LisaSimpsonsbff · 13/10/2019 13:35

DS is 15 months. DH and I are both find it really hard work to have a whole day just at home with him - he gets whingey, we get bored. He will play with his toys for a while, and he loves being read to, but neither of those can possibly fill a morning, let alone a whole day! We've tried things like playing with finger paint and he is interested in it for approximately 10% of the time it takes to set them up and clean up afterwards. It's been pissing it down all weekend here - yesterday I took him to the park (in a puddle suit) and it was deserted, and this morning we went to soft play and it was us and two single dads, which obviously is fine but clearly this isn't what 'most' families are doing on a Sunday morning. You also mostly seem to see older toddlers at this stuff, so most people must not feel the need for it to entertain a 'young' (say, under 2) toddler? Are other people having whole days in and we're somehow missing some trick that makes that not awful? Or are they going somewhere we haven't thought of? Should we just let DS get more bored - are we trying too hard to keep him constantly entertained?

OP posts:
LisaSimpsonsbff · 13/10/2019 14:57

This morning we had breakfast then did some painting, played with balls, sang nursery rhymes.

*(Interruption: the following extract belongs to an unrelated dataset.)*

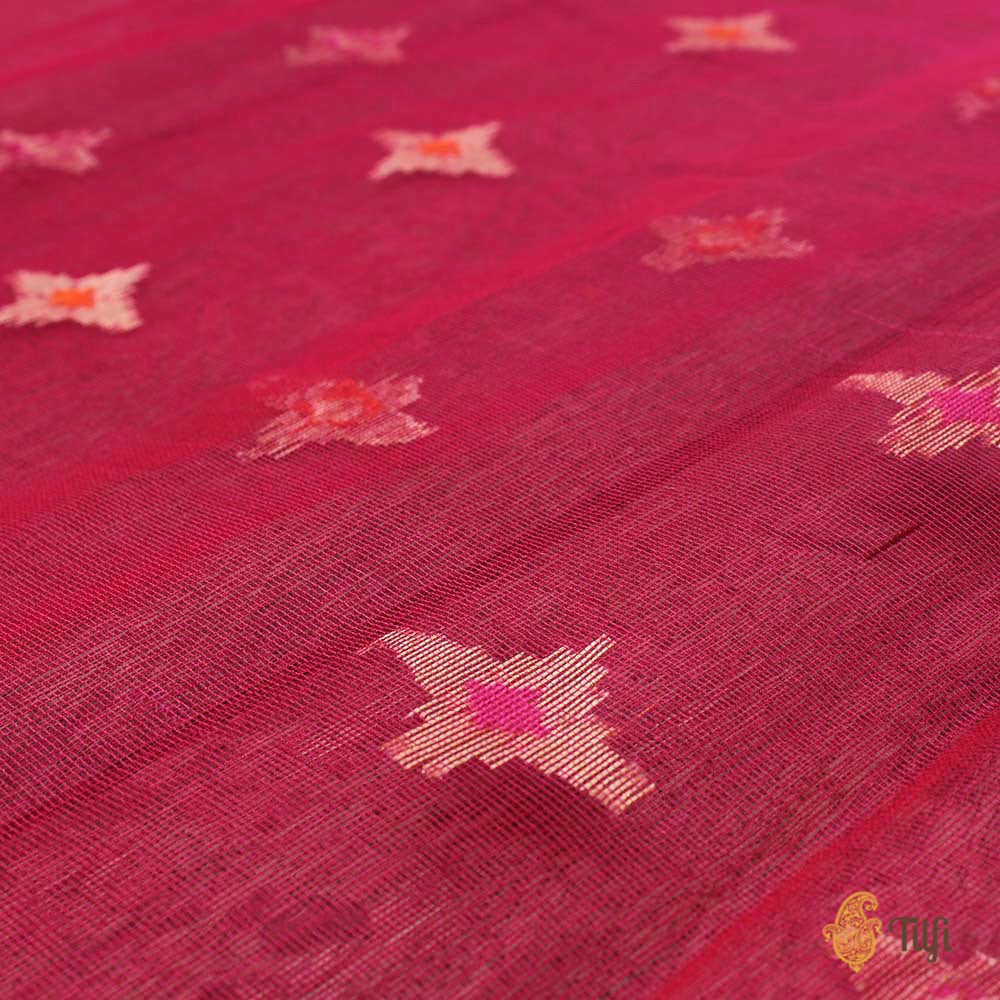 Rani Pink Pure Kora Net Dupatta &amp; Grey Pure Dupion Silk Fabric Set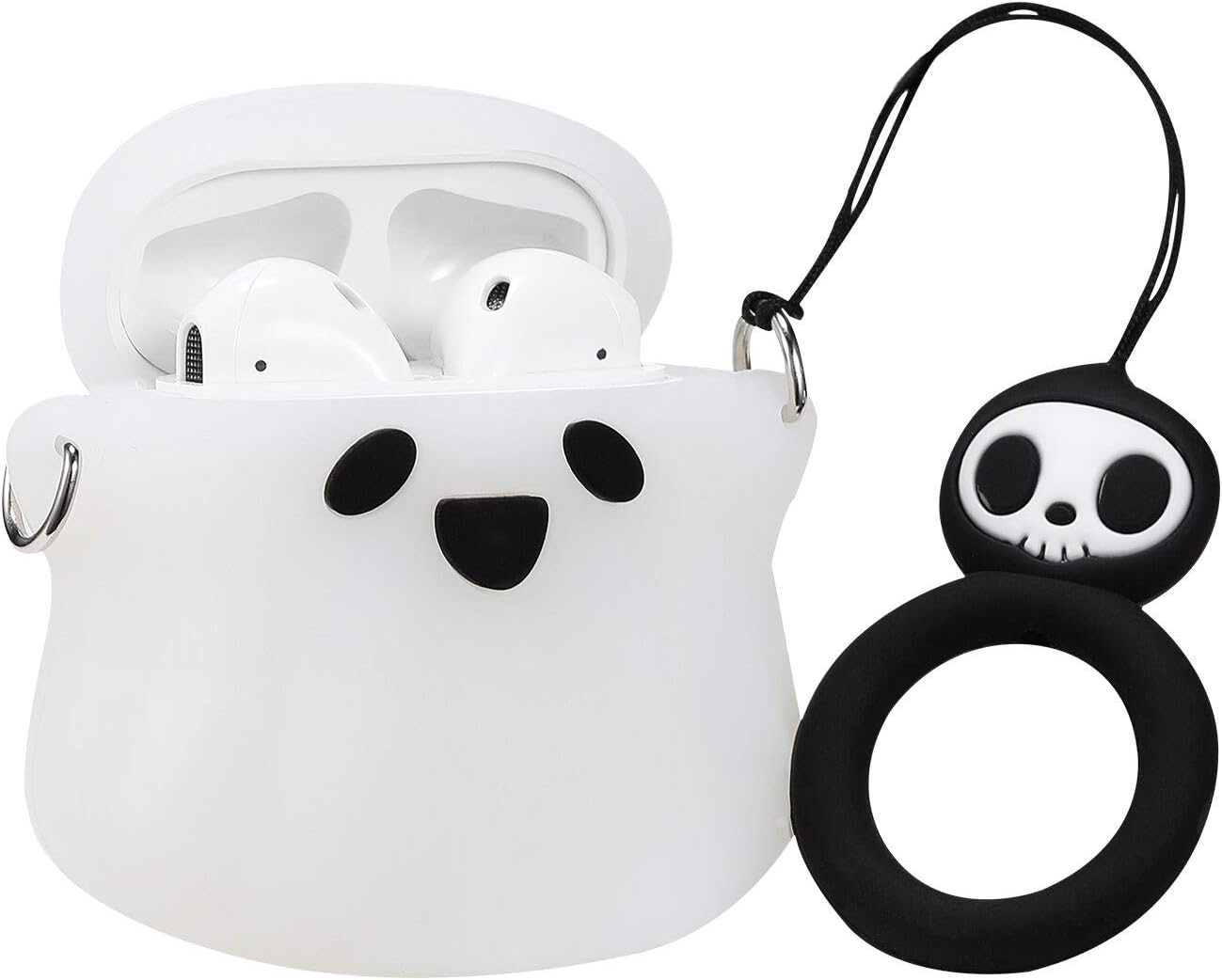 Joyleop(Luminous Ghost) Compatible with Airpods 1/ 2 Case Cover, 3D Cute Cartoon Funny Fun Cool Kawaii Fashion Chic, Silicone Airpod Character Design Skin Keychain,Girls Boys Teens, Case for Air pods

This is where I feel like I must be doing something wrong - I could (and frequently do) do all this but then I look at the clock and, say, 25 minutes in total has passed?! People often list things like 'nursery rhymes' as an activity but singing every nursery rhyme I know takes 10 minutes, tops, and DS would wander off halfway through that!

OP posts:
HuloBeraal · 13/10/2019 14:57

2.5 and 7.5.

Kungfupanda67 · 13/10/2019 15:00

We just drag them around to what we need to do, food shopping, we’ve been to buy some camping stuff and new wellies. Apart from that we’ve stayed in and hung around the house - when my youngest (10 months so smaller than yours but still at that annoying age when they’re bored within 25 seconds) gets bored I tend to get something out that isn’t actually a toy, look busy with it and then leave it where she can get it. She gets very excited thinking she’s playing with my stuff, and it seems to entertain her for longer than toys! Today’s ‘not toys’ have been a big pile of Tupperware, the recycling and poker chips.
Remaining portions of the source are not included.